A wide-eyed boy ran into the hall.
‘It’s the king!’
The moment I saw him I knew he had come to collect his winnings.
‘Is this your chamber?’ My cousin cast his eyes round what to him must appear a very poor room. William and I had only the second-best hangings from Bisham and there was none of the opulent splendour of the royal chambers in the Tower.
‘Yes, Your Grace.’ I was determined to remain calm and distant even though my heart was racing like a cantering horse and I was horribly aware of the hovering presence of the steward.
He eyed the bed. ‘I’m sorry to put you to so much inconvenience.’
I wondered did he apologise to every wife who offered to vacate her chamber and remove herself to some pokey little tower room or was this honour reserved for the women he was about to take to his bed.
‘It is no trouble,’ I said, my eyes lowered like a dutiful subject. ‘I’ll take the guest chamber.’
‘Nonsense,’ he said curtly. ‘I’ll take the guest chamber. You will stay here.’
‘My husband would expect me to attend to your comfort.’
He gave a glimmer of a smile. ‘I’m sorry I missed him.’
‘Only by the inside of a day, Your Grace. He left this morning.’

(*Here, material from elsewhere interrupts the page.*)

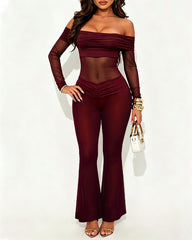 Women's Off-Shoulder Sheer Mesh Panel Elastic Slim Fit Long-Sleeved Jumpsuit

‘Then I expect we’ll meet on the road.’
I doubted my cousin would ride fast. A cuckolded husband would not be any man’s favourite travelling companion.
‘May I offer Your Grace some refreshment?’
‘Thank you. A cup of wine and whatever you have. I don’t expect a feast when I gather you leave for Bisham in the morning.’
I snapped my fingers and our steward melted away, murmuring with pleasure at serving his king. I heard him call for food and wine for His Grace as if the grooms were not already running around like headless chickens gathering up the necessaries.
In no time at all the groom from the ewery arrived with wine, quickly followed by two awe-struck boys with plates of cold meat and best white brea
d.
‘Mistress Montagu, will you keep me company?’
I bowed my head in submission. How could I say no?
We made tentative conversation. Mostly he was eager to discuss our lack of proper fortifications and made several suggestions as to how matters could be improved, all of which I promised to relay to William. After a short while he said I looked weary and he had no desire to keep me from my bed as I must be tired. I gave a deep curtsey, sweeping the floor as elegantly as I could, and bade him a safe night.
I had the girl quickly undress me and clothe me in my finest nightgown. I rejected two, casting them aside with a carelessness which would have horrified Alice and chose the one I’d worn on my bedding night, the embroidered silk. After the girl had combed out my hair I ordered her to leave it unbraided.
‘You will sleep in the wardrobe closet,’ I said hurriedly. ‘I don’t need a companion tonight.’
She ducked her head and obediently pattered away. I slid the bolt. I wanted no witness to what was going to happen and no interruptions.
I heard doors bang in the distance and a single muffled order from the steward down below. Footsteps clattered on the stairs. I had only a single candle burning but it would suffice as I knew my cousin had neither reading nor sewing on his mind tonight.
A moment later there was a soft noise and the door opened.
I glanced past him, terrified someone was on the stairs.
‘Don’t worry,’ he smiled, ’There’s no-one to tell your husband.’
He closed the door and locked it.
Although I was fully clothed, I felt naked. His gaze stripped away the soft wool of my bedrobe and the delicate layers of pale blue silk until I stood there in front of him, utterly defenceless and very scared. We had made a bargain that evening in the Tower and I had sworn on the True Cross that I would give myself to him but now the moment was here, all I wanted was to run away.